• _EXERCISE DESCRIPTION_
What lines in the entries hold the string "like"? List them.

Stored records
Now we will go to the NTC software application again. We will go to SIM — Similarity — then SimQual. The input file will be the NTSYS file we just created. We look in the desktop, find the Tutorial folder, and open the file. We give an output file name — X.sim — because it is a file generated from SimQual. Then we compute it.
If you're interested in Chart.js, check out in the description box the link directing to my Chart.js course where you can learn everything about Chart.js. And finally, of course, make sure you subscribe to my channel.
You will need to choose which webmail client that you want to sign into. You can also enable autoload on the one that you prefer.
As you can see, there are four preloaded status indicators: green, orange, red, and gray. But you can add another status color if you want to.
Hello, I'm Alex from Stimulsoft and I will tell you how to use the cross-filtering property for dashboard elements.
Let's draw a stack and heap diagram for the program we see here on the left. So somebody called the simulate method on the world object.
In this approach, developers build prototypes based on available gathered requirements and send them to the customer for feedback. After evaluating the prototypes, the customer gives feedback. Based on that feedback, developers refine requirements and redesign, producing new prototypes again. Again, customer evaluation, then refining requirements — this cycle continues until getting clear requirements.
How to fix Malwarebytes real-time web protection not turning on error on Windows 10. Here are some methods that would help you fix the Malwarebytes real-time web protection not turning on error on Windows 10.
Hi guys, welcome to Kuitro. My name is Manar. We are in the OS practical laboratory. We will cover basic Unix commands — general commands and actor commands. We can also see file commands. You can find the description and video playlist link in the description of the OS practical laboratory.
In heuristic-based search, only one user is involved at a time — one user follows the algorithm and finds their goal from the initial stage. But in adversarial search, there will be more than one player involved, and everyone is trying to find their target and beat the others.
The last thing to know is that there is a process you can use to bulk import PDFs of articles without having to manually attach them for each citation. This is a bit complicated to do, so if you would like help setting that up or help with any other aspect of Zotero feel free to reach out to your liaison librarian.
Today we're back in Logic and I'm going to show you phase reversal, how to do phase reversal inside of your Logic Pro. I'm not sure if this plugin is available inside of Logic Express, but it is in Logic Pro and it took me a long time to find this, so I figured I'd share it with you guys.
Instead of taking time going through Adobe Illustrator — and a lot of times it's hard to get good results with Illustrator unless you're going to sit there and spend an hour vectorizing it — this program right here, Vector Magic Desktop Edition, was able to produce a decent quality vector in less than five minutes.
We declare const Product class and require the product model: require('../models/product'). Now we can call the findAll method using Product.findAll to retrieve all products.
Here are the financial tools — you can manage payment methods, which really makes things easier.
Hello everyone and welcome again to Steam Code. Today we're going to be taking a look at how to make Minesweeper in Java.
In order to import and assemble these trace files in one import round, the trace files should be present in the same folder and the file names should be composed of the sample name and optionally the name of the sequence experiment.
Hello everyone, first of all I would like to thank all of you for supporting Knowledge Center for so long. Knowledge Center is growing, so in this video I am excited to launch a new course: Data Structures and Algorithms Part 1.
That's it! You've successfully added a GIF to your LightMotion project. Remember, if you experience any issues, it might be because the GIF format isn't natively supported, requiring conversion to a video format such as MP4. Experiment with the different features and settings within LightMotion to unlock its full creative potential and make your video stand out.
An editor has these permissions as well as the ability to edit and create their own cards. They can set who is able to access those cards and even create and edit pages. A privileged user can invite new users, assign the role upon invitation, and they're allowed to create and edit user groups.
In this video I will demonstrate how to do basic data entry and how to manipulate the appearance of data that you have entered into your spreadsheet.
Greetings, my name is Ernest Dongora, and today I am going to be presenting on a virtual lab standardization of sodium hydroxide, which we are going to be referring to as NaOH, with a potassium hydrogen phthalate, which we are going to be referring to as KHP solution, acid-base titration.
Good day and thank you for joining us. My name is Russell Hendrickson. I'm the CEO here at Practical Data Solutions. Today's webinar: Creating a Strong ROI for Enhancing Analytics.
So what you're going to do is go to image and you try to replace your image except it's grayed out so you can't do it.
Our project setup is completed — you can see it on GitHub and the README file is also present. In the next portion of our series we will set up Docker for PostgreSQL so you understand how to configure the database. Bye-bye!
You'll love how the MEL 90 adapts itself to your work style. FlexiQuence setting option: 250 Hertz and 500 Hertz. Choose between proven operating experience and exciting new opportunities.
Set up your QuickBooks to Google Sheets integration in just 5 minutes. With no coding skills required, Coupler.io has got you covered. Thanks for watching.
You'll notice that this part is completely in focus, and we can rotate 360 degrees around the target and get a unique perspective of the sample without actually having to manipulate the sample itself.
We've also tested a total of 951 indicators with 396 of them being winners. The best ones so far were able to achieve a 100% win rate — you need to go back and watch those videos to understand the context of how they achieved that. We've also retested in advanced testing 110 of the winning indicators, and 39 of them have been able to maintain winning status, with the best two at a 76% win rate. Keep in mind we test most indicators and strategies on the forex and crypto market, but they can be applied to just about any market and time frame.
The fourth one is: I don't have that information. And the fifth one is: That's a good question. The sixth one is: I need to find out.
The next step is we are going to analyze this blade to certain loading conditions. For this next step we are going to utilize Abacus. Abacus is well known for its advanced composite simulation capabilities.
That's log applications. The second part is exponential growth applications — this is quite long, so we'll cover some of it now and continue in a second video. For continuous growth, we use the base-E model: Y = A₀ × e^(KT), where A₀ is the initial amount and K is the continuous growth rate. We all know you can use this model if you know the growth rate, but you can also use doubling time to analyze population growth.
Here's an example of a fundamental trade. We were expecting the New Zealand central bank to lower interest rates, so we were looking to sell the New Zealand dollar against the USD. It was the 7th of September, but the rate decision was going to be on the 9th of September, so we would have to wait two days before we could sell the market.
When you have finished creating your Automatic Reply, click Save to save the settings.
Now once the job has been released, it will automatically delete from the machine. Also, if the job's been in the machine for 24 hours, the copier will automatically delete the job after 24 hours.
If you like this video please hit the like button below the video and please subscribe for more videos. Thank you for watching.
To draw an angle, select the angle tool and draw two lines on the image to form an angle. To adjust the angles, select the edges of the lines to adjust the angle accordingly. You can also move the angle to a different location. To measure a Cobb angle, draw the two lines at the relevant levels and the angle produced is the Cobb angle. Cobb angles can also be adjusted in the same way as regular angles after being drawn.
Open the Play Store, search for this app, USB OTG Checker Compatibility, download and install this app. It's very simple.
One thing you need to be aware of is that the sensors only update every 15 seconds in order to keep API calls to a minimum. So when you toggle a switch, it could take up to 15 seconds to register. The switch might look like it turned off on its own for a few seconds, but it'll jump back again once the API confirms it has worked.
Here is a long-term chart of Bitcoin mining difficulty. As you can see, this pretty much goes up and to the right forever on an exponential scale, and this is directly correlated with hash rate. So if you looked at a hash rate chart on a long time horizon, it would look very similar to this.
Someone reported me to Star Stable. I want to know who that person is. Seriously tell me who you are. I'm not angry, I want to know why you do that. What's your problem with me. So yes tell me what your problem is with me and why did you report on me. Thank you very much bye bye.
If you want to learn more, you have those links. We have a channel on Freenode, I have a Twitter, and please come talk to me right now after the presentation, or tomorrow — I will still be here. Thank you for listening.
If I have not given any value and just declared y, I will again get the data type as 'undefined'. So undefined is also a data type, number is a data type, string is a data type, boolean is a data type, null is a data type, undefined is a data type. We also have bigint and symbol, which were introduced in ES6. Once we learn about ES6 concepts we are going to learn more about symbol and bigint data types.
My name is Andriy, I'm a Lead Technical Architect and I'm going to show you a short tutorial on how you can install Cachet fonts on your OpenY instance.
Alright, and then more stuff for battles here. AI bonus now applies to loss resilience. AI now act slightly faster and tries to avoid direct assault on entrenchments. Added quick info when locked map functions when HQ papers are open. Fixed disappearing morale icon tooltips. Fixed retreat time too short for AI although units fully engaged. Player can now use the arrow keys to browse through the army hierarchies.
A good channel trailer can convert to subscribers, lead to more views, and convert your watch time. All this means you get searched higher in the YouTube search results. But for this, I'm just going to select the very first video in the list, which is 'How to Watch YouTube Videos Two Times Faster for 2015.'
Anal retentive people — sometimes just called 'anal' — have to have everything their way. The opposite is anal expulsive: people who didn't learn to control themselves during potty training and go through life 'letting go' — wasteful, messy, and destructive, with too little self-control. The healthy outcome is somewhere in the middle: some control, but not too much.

• _TASK RESULT_
The last thing to know is that there is a process you can use to bulk import PDFs of articles without having to manually attach them for each citation. This is a bit complicated to do, so if you would like help setting that up or help with any other aspect of Zotero feel free to reach out to your liaison librarian.
Hello everyone, first of all I would like to thank all of you for supporting Knowledge Center for so long. Knowledge Center is growing, so in this video I am excited to launch a new course: Data Structures and Algorithms Part 1.
If you like this video please hit the like button below the video and please subscribe for more videos. Thank you for watching.
One thing you need to be aware of is that the sensors only update every 15 seconds in order to keep API calls to a minimum. So when you toggle a switch, it could take up to 15 seconds to register. The switch might look like it turned off on its own for a few seconds, but it'll jump back again once the API confirms it has worked.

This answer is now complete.